The weakening of auction prices coincides with the region’s plummeting clearance rate, which fell from 62.1 per cent in in July to 54.7 per cent in August.

Reserve Bank Governor Glenn Stevens said on Friday he expected some potential property investors to instead become owner occupiers as the heat comes out of the investment property market.

Mr Stevens said the flow of new lending to investors was no longer increasing as quickly, and the rate of growth will gradually come back to the regulator’s 10 per cent ‘speed limit’ on investor lending growth.

“I predict we may now see a number of people who used to call themselves investors are going to call themselves owner occupiers because the relative pricing has changed,” Mr Stevens said.

Experts say a market previously driven by buyers not wanting to miss out has been turned on its head: it’s now driven by sellers not wanting to miss out on the peak of the market.
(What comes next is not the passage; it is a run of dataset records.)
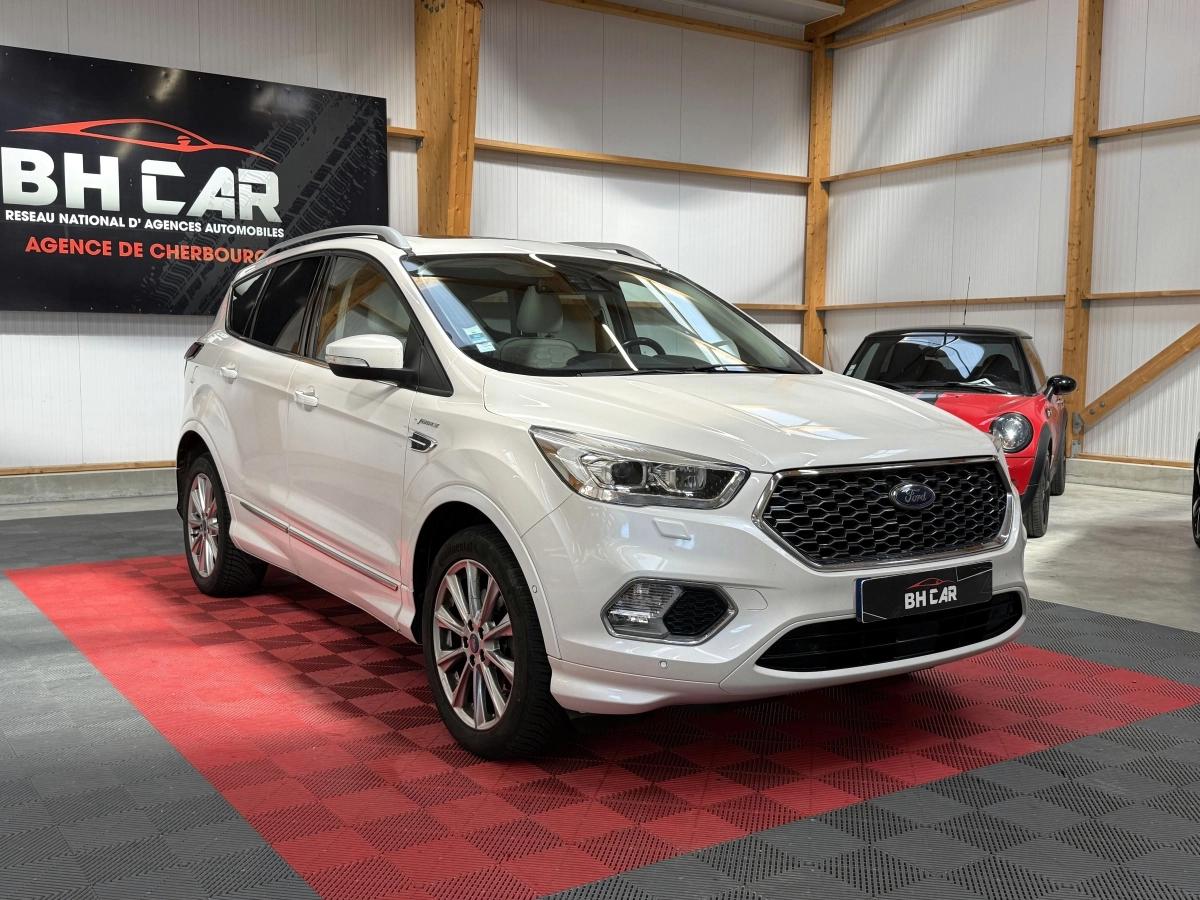 Image: Ford Kuga 2.0 TDCi 180ch Vignale 4x4 Powershift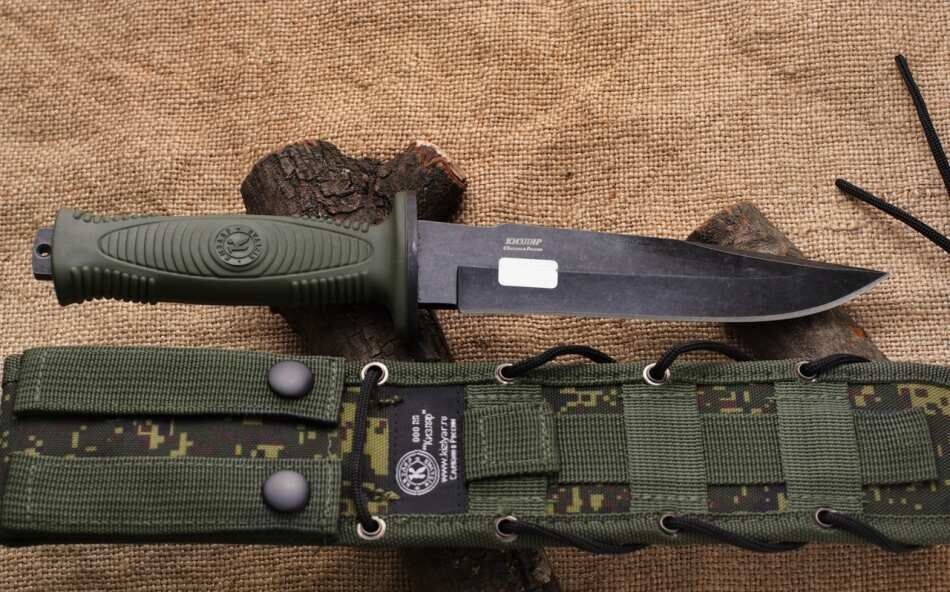 Нож Ш-8 эластрон - олива Кизляр фото
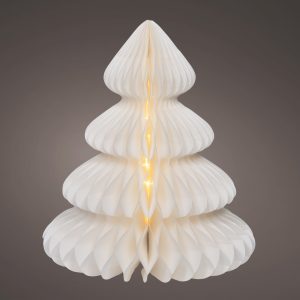 Micro LED Paper Tree White 40 Lights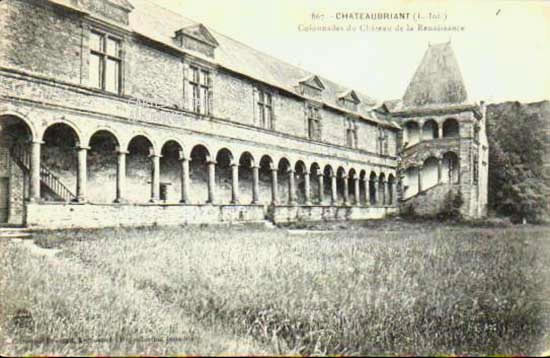 Cartes postales anciennes > CARTES POSTALES > carte postale ancienne > cartes-postales-ancienne.com Loire atlantique  Chateaubriant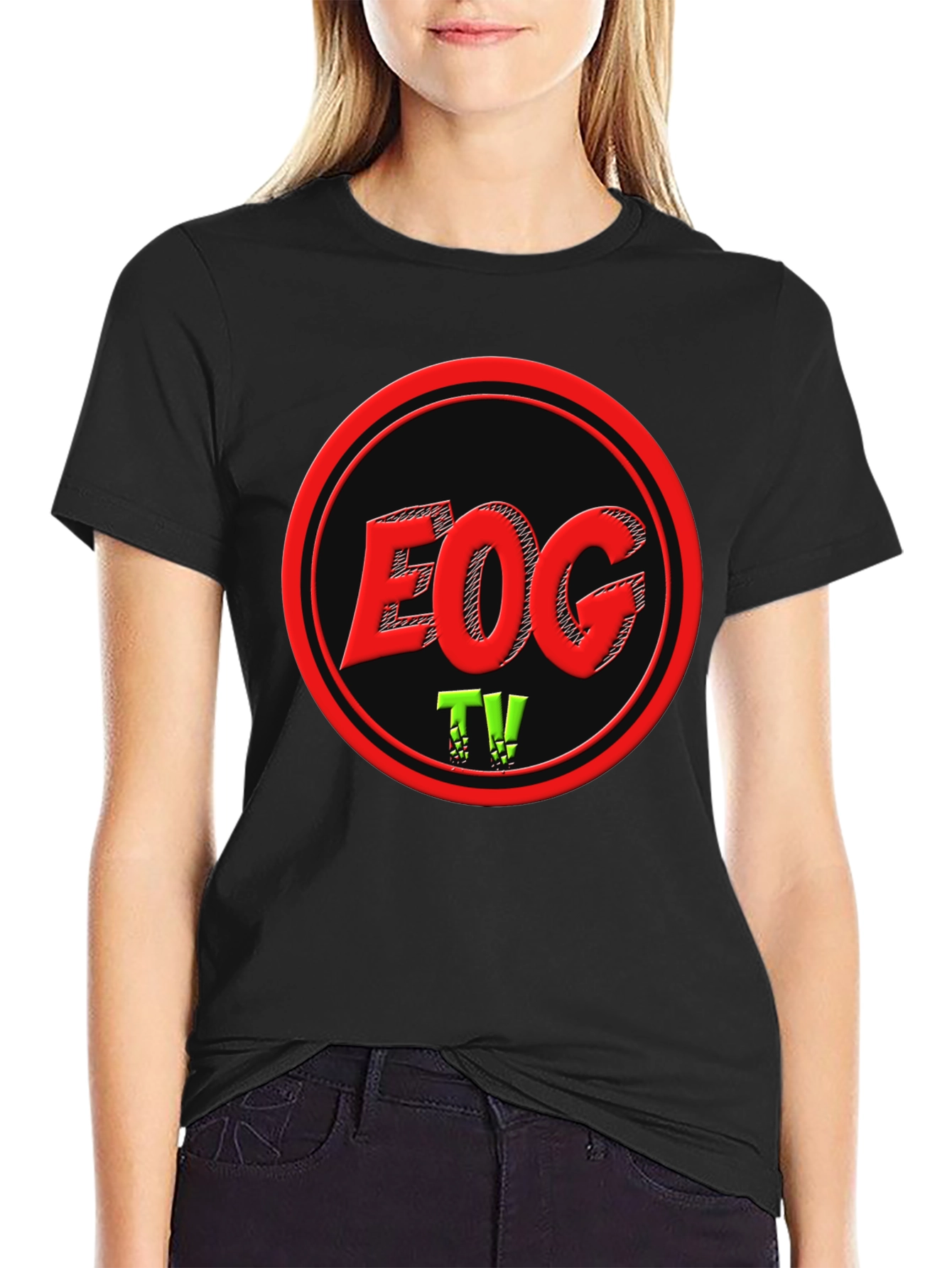 EOG TV Graphic T-Shirt - Stylish and Comfortable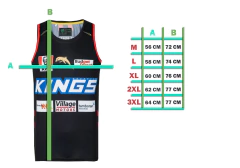 Camiseta sin manga de Rugby League Australiano ARL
“We’re getting a quite extraordinary number of listings, significantly higher than we’ve had at this time of year before,” says Dr Andrew Wilson, senior economist of the Domain Group.

“That perception that the market is flattening means we’re getting so many properties, it’s starting to push the balance of buyers and sellers closer together to become more of a buyers’ market.”

But buyers are also feeling the pinch; affordability has worsened after rapid second-quarter prices growth and the recent action by banking regulators to force banks to tighten lending conditions has closed the purse for many investors.

As a result, last Saturday’s auction clearance rate for Sydney as a whole dropped to 72.9 per cent, more than 10 percentage points below this time last year, and a dramatic contrast to May’s peak of almost 90 per cent.

In the hardest-hit south-west region, Aldo Palermo of Laing & Simmons Fairfield blamed starry-eyed vendors. “We’ve seen some buyers being opportunistic and they’re asking prices that are too high,” he says.

“While some suburbs are stronger, mostly by train stations, the fact that records have previously been broken has seen some vendors automatically putting up their prices. For a house worth $820,000 they might round it up to $900,000.”

Anthony Bucca, sales manager of LJ Hooker Leppington nearby, says, in addition, some buyers are standing back, waiting and watching. “They’re wary after the change of Prime Minister, and about the economy, so they’re choosing to see if the market cools down more.”

The next worst affected is Canterbury-Bankstown, where auction clearance rates slumped to 70.7 per cent in August, down from 78.4 per cent in July.

The number of potential buyers inspecting homes is now down by about 50 per cent, believes Dean Owsnett, director of Chambers Fleming Professionals Padstow. “The market is certainly quietening down a little bit,” he says.

“It’s swinging more to a buyers’ market. Prices aren’t coming down, but properties are taking a bit longer on the market to sell. There’s a lot more properties on the market, and the new regulations have hit investors.”

We could possibly see price falls later. “In the coming months, we could, but it depends on the property,” says Cameron Mattison of Richardson & Wrench Bankstown. “Development sites are holding their prices, but units are sometimes not reaching reserves a little bit.”

Although auction prices in the west increased in August, agents there say the market is weakening..

“We were getting 40 people to an open house and now it’s more likely 10,” says Rod McIvor of Stanton & Taylor First National in Penrith. “Too much stock on the market will create a few bargains. Prices have been so high, they will level out for a while.”

What we’re actually seeing, believes Doug Driscoll of Starr Partners, is a white-hot market now becoming a red-hot market. “We’re starting to see a slowdown in prices growth, but it’s certainly not panic stations,” he says.

In contrast, prices achieved at auction the the inner-ring regions are holding up quite well.

“Spring brings out the buyers in the mid-to-higher price range. And it has been a little flat in the long term,” says Driscoll.